Time series visualizations are perhaps the most common type of chart in news media, scientific papers, and business dashboards. They answer fundamental questions: Is this trend going up or down? Are there cycles? When did something change?

But they're also easy to manipulate. By selecting the time window, changing the y-axis scale, or choosing different aggregation levels, the same data can support contradictory conclusions.

Consider these common pitfalls:
- **Truncated y-axes** that exaggerate small changes
- **Cherry-picked time windows** that hide long-term trends
- **Inappropriate scales** (linear vs. log) that obscure or inflate patterns
- **Over-smoothing** that removes real variation
- **Under-smoothing** that shows only noise

Good time series visualization is about making honest choices that reveal the actual patterns in your data.
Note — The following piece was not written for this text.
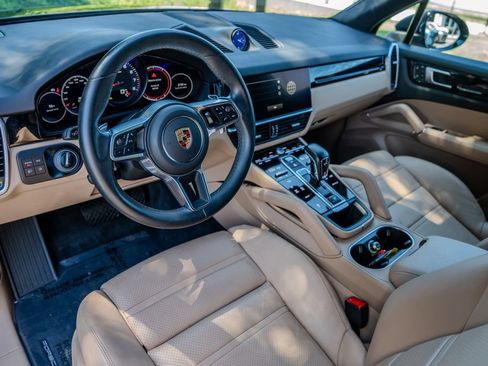 Used 2023 Porsche Cayenne AWD/4WD image 4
# Basic Time Series: Line Plots

The most fundamental time series visualization is the **line plot**: time on the x-axis, values on the y-axis, points connected by lines.

In [None]:
#| fig-cap: Basic line plot showing a time series with trend and seasonality
#| code-fold: true
import numpy as np
import pandas as pd
import matplotlib.pyplot as plt
import seaborn as sns

# Set style
sns.set_style("white")
sns.set(font_scale=1.2)

# Generate synthetic time series with trend and seasonality
np.random.seed(42)
n_points = 365
dates = pd.date_range('2023-01-01', periods=n_points, freq='D')
trend = np.linspace(100, 150, n_points)
seasonal = 10 * np.sin(2 * np.pi * np.arange(n_points) / 365 * 4)  # Quarterly seasonality
noise = np.random.normal(0, 3, n_points)
values = trend + seasonal + noise

df = pd.DataFrame({'date': dates, 'value': values})

# Create line plot
fig, ax = plt.subplots(figsize=(12, 5))
ax.plot(df['date'], df['value'], linewidth=1.5, color=sns.color_palette()[0])
ax.set_xlabel('Date')
ax.set_ylabel('Value')
ax.set_title('Daily Time Series: Line Plot Shows Trend and Seasonality')
ax.grid(True, alpha=0.3)
sns.despine()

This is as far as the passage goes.